> **HOW TO COMPLETE THIS TASK**:
Transcribe the data underneath exactly, keeping every word in place.
EXERCISE INPUTS START
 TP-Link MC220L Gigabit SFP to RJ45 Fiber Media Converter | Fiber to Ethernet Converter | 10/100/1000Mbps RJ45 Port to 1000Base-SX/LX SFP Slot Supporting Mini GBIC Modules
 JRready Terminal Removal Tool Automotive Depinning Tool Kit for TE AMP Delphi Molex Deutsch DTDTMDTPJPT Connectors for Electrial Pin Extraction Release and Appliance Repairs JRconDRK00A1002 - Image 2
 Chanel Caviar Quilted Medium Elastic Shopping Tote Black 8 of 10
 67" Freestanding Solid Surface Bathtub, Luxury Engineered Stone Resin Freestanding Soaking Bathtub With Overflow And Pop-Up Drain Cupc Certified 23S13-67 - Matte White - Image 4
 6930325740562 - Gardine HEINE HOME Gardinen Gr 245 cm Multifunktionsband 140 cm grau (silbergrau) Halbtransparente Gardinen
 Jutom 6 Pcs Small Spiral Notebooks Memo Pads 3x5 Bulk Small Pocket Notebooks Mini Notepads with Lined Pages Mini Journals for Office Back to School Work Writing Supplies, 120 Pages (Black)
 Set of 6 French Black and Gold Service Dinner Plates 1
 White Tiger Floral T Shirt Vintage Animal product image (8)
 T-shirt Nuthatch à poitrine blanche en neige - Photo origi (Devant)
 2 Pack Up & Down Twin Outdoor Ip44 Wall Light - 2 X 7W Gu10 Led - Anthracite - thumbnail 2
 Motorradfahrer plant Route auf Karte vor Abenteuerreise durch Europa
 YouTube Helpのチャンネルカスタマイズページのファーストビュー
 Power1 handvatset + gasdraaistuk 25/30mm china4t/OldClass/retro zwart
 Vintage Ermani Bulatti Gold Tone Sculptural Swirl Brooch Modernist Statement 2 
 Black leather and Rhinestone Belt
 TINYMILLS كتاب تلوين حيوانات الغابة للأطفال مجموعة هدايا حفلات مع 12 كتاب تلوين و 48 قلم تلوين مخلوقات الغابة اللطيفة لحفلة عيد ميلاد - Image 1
EXERCISE INPUTS END
> **EXERCISE RESULT**:
 TP-Link MC220L Gigabit SFP to RJ45 Fiber Media Converter | Fiber to Ethernet Converter | 10/100/1000Mbps RJ45 Port to 1000Base-SX/LX SFP Slot Supporting Mini GBIC Modules
 JRready Terminal Removal Tool Automotive Depinning Tool Kit for TE AMP Delphi Molex Deutsch DTDTMDTPJPT Connectors for Electrial Pin Extraction Release and Appliance Repairs JRconDRK00A1002 - Image 2
 Chanel Caviar Quilted Medium Elastic Shopping Tote Black 8 of 10
 67" Freestanding Solid Surface Bathtub, Luxury Engineered Stone Resin Freestanding Soaking Bathtub With Overflow And Pop-Up Drain Cupc Certified 23S13-67 - Matte White - Image 4
 6930325740562 - Gardine HEINE HOME Gardinen Gr 245 cm Multifunktionsband 140 cm grau (silbergrau) Halbtransparente Gardinen
 Jutom 6 Pcs Small Spiral Notebooks Memo Pads 3x5 Bulk Small Pocket Notebooks Mini Notepads with Lined Pages Mini Journals for Office Back to School Work Writing Supplies, 120 Pages (Black)
 Set of 6 French Black and Gold Service Dinner Plates 1
 White Tiger Floral T Shirt Vintage Animal product image (8)
 T-shirt Nuthatch à poitrine blanche en neige - Photo origi (Devant)
 2 Pack Up & Down Twin Outdoor Ip44 Wall Light - 2 X 7W Gu10 Led - Anthracite - thumbnail 2
 Motorradfahrer plant Route auf Karte vor Abenteuerreise durch Europa
 YouTube Helpのチャンネルカスタマイズページのファーストビュー
 Power1 handvatset + gasdraaistuk 25/30mm china4t/OldClass/retro zwart
 Vintage Ermani Bulatti Gold Tone Sculptural Swirl Brooch Modernist Statement 2 
 Black leather and Rhinestone Belt
 TINYMILLS كتاب تلوين حيوانات الغابة للأطفال مجموعة هدايا حفلات مع 12 كتاب تلوين و 48 قلم تلوين مخلوقات الغابة اللطيفة لحفلة عيد ميلاد - Image 1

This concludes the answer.